結晶粒界に占める大角粒界の割合の測定は、硝酸水溶液で電解酸洗した板厚0.8mmの鋼板について、表面を電解研摩したのち、その表面に現れている結晶粒の結晶方位をEBSP装置を用いて分析し、前記図1・図2の例で説明したように、両側で15°以上の結晶方位差を有する結晶粒界(大角粒界)を識別して、その存在割合を画像処理を用いて算出する方法によって行った。

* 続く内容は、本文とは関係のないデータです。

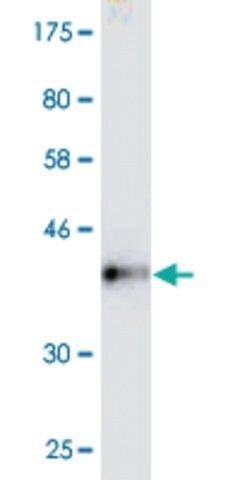 Monoclonal Anti-PIBF1 antibody produced in mouse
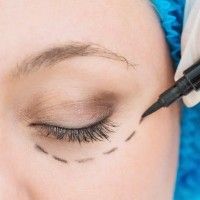 Eyelid tightening Munich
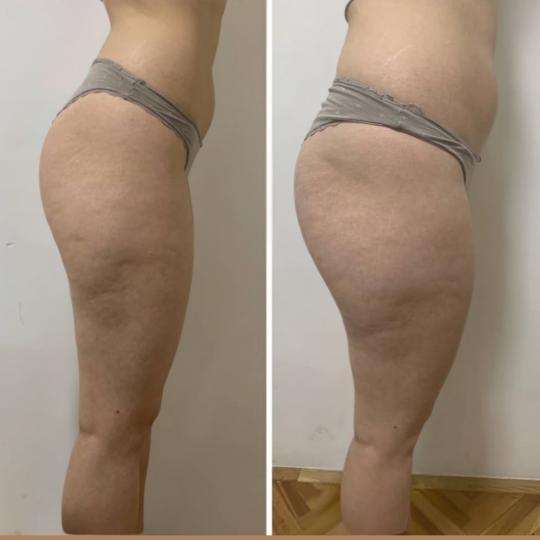 Zgodnica #beograd Anticelulit masaža Anticelulit ručna masaža Anticelulit paket od 10 masaža nam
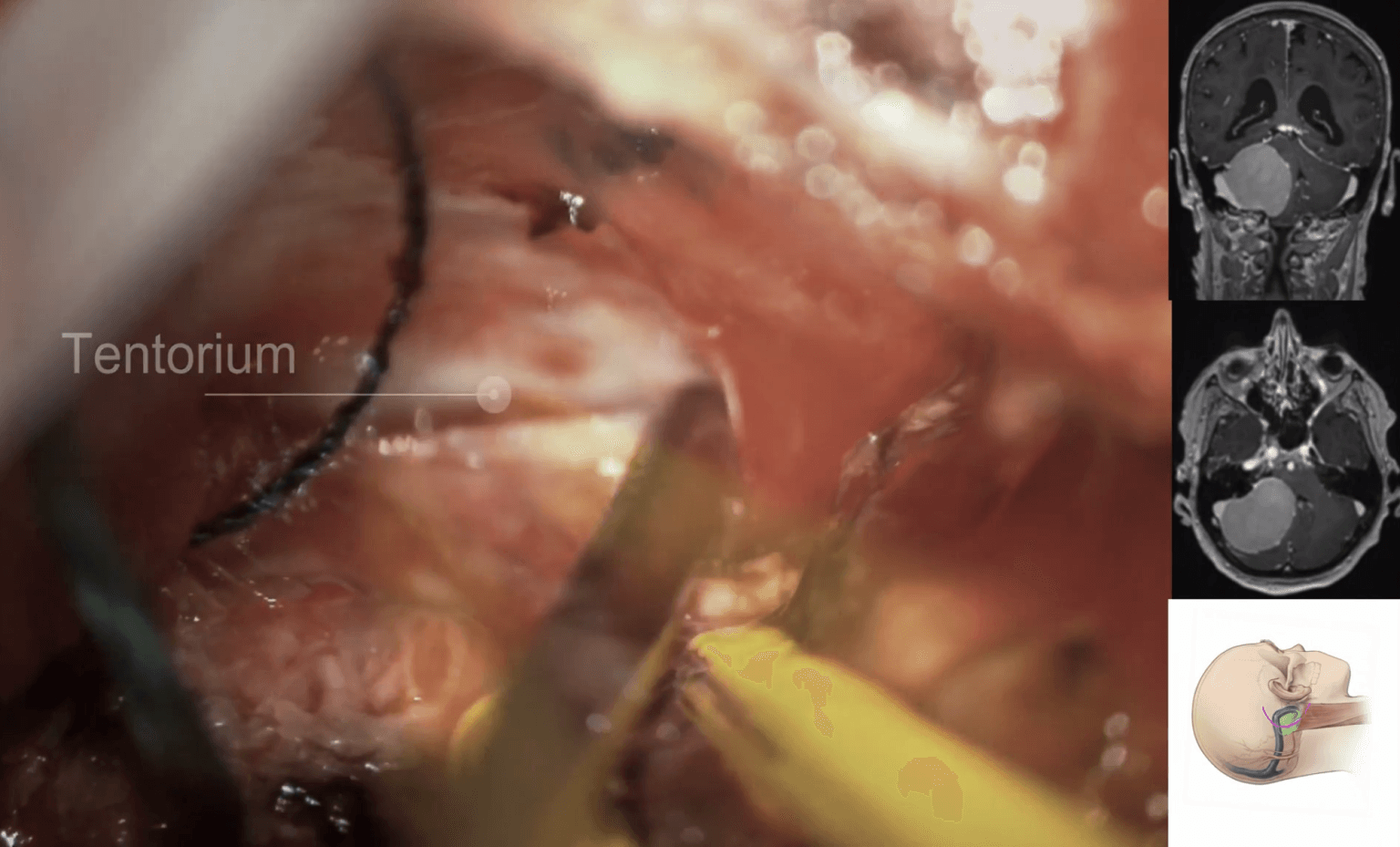 Meningioma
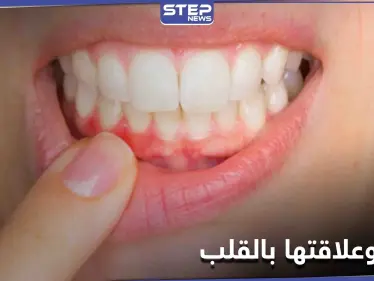 علامات تحذيرية غير معروفة موجودة في الفم قد تكشف أمراض القلب مبكراً - وكالة ستيب نيوز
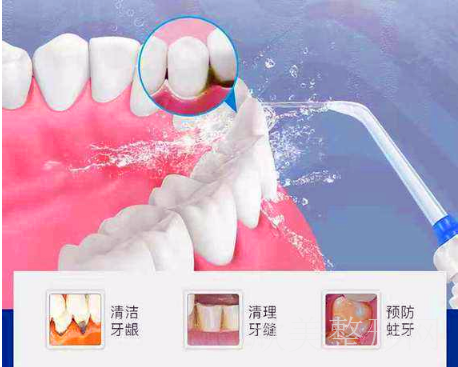 洗牙的利弊分析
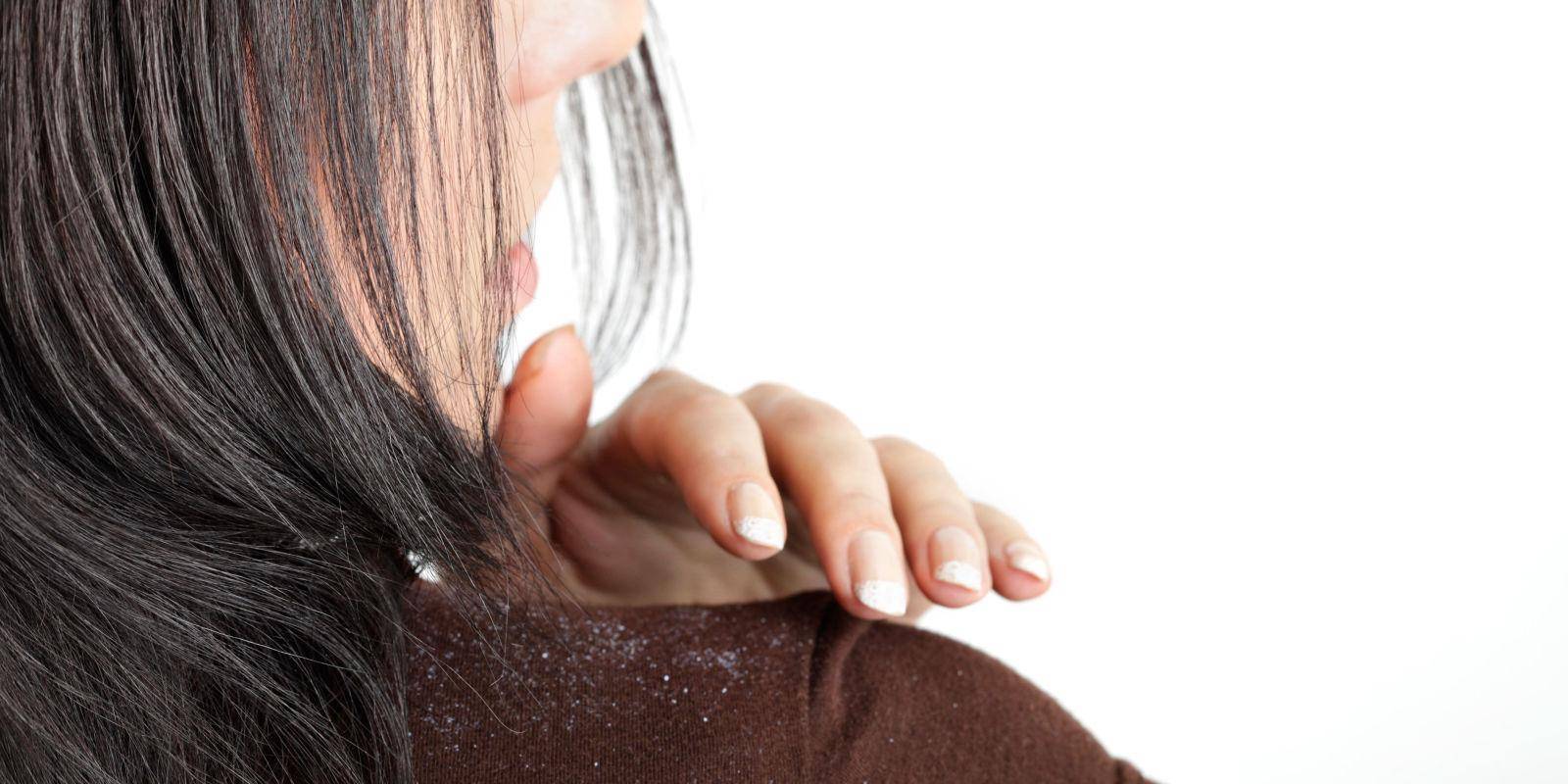 Перхоть и жирные волосы: причины и проявления, традиционные средства лечения и народные методы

耐リジング性試験は、硝酸水溶液で電解酸洗した板厚0.8mmの鋼板から冷間圧延方向が引張方向になるように図6に示す形状の引張試験片を切り出し、この試験片を用いて20%の引張歪みを付与する引張試験を行い、20%引張後の試験片の表面性状を目視にて観察する方法で行った。引張方向に縞模様(リジング)が認められたものを×、認められなかったものを○と評価した。
表2に結果を示す。
【0049】
【表2】
Figure 0004545335
【0050】
表2からわかるように、本発明で規定する化学組成を有し、両側で15°以上の結晶方位差を有する大角粒界の割合が50%以上であるようにランダム化されたフェライト組織を呈する実験No.(1)〜(7)の発明例の鋼板は、いずれもリジングの発生は全く認められなかった。また、これらの耐リジング性に優れた鋼板は、焼入れ処理により80体積%以上のマルテンサイト相を含む金属組織とし、その後にAc1点以下の温度に加熱して前記マルテンサイト相からフェライト相を生成させるフェライト化熱処理を施すことによって安定して得られることが確認された。
【0051】
一方、実験No.(8)(9)の比較例は化学組成が本発明規定範囲にないために、いずれも焼入れ処理でマルテンサイト主体の金属組織を得ることができなかったものである。これらは、フェライト化熱処理を施しても結晶粒界における大角粒界の割合が50%以上にならず、リジングが発生した。
【0052】
図4,図5には、参考のために耐リジング性試験後の引張試験片の表面外観写真を示しておく。図4は本発明例である供試鋼A2の実験No.(2)の例、図5は比較例である供試鋼B2(SUS430)の実験No.(9)の例である。前者ではリジングの発生は全く認められないのに対し、後者では引張方向に平行に著しい縞模様(リジング)が見られる。
【0053】
【発明の効果】
本発明によれば、安定して優れた耐リジング性を呈するFe−Cr系鋼板を新たな金属組織的観点から特定することができた。また、その金属組織状態は、「オーステナイト→マルテンサイト変態」および「マルテンサイトの再結晶」の2つの現象を組み合わせることによって作り出せることが明らかになった。このような現象の組み合わせを実現するには、特殊な鋳造方法や熱間圧延方法を採用する必要はなく、通常の鋼板製造設備において実施が可能である。したがって本発明は、耐リジング性を付与するための製造コスト増が低く抑えられる点、および、安定して非常に優れた耐リジング性を呈する鋼板が提供できる点において、従来の耐リジング性改善手段よりも有利な特長を有するものである。
【図面の簡単な説明】
【図1】 Fe−12%Cr−1%Ni鋼冷延焼鈍板の表面を研摩エッチングした面に現れている結晶粒の結晶方位をEBSP(Electron Backscattering Pattern)分析により結晶粒ごとに無段階に色分けして表示させたカラー画像を、モノクロに複写した図である。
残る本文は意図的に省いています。